In the old days, subject expertise was the key to success. The more knowledgeable and skilled the engineer, accountant or insurance salesperson, the higher they rose in the company. Today, core skills are a pre-requisite to success. The differentiators are soft skills, says Trevor Crunelle, a former Naval officer, three-decade veteran of engineering and sales, and now The Growth Coach of the Lowcountry, an executive training and business effectiveness company.
Crunelle lists flexibility as the number one attribute he would be looking for in a new graduate. Is a potential employee’s mind facile enough, and are they emotionally prepared to pivot when conditions change, as they inevitably will? The last few years has been proof of the importance of flexibility, as masking, distancing, remote working and outdoor or remote delivery of services became critical to the survival of many businesses.
Like many business experts, Crunelle is looking for critical thinkers, people who are strategic and intentional in thought and action. Before they plan their tactics, they consider their goals and the strategies required to achieve them. Crunelle’s business coaching is built on a trademarked process that establishes a strategic plan for every aspect of a business. He says many managers are often strategic about their area of the business, but not about others.
“You need to build that mindset. A company may have a great marketing plan but nothing for employee development. You need to be strategic in each functional area,” he said.
Students should be learning to think strategically in graduate school, but that is not always the case. For years, businesses complained that their young employees were subject experts lacking critical thinking skills.

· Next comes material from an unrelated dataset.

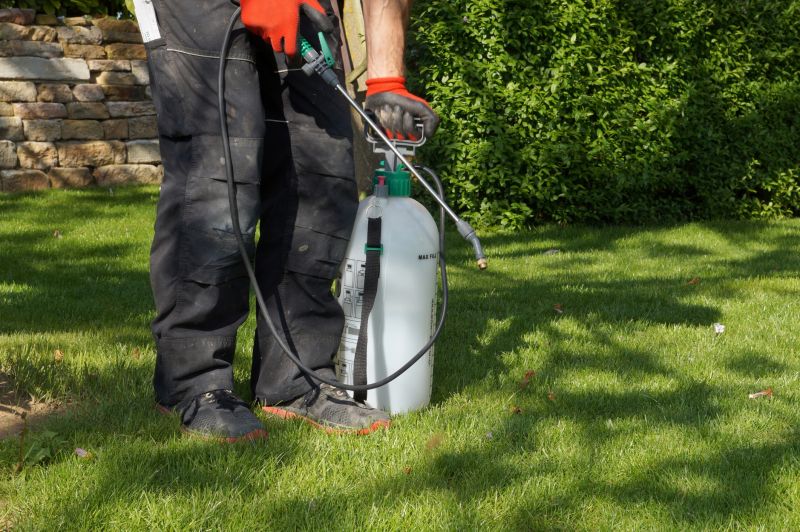 Pampas Grass Control in Honolulu, HI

The term “emotional intelligence” was coined by researchers Peter Salovey and John Mayer in 1990 to describe the ability to process information about one’s own emotionsand other people’s. It’s also the ability to use this information to guide one’s own thoughts and behavior. In his 1996 book popularizing the concept, Daniel Goleman argued that EQ could be learned and practiced, and he urged that it be included in school curricula.
Crunelle believes EQ has always been critical to good management, but will increase in value as employees expect their employer to allow them to bring their whole selves to work and feel empowered to leave if they are dissatisfied. Fifty years ago, the boss told his subordinates what to do and they followed his orders… or else they got fired. Today, employees are not fungible, and they don’t consider themselves subordinates. Successful leaders today believe in servant leadership, focused on the growth and well-being of employees as the springboard to customer satisfaction.

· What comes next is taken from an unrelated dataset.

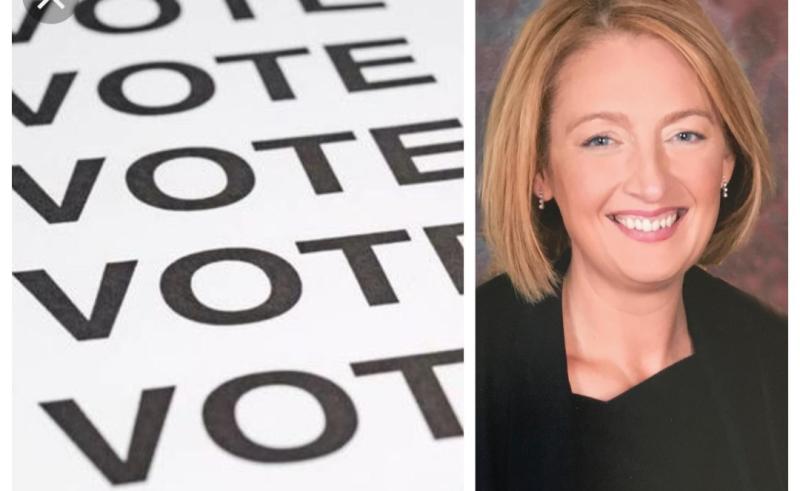 Fianna Fail add Edenderry barrister to local election ticket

Communication and Problem Solving
Other top skills often mentioned by business experts are communication and problem solving. Particularly in an increasingly diverse workplace, employees who can communicate with many different kinds of people will have the most success. Problem-solving is increasingly important in a complex workplace built on technology that few users understand.
Commitment to Diversity, Equity and Inclusion
Crunelle believes the recent focus on diversity, equity and inclusion (DEI) will endure and continue to challenge and inspire businesses and the people who work in them. “The basis is awareness, but it will require a strategic approach and real action,” he said. Younger members of the workforce, like those just graduating, may be best positioned to understand the impetus for DEI and approaches to succeed.In the next-gen workplace, soft skills will separate those who rise within organizations. The more higher education programs can teach these skills, the more success their graduates will have.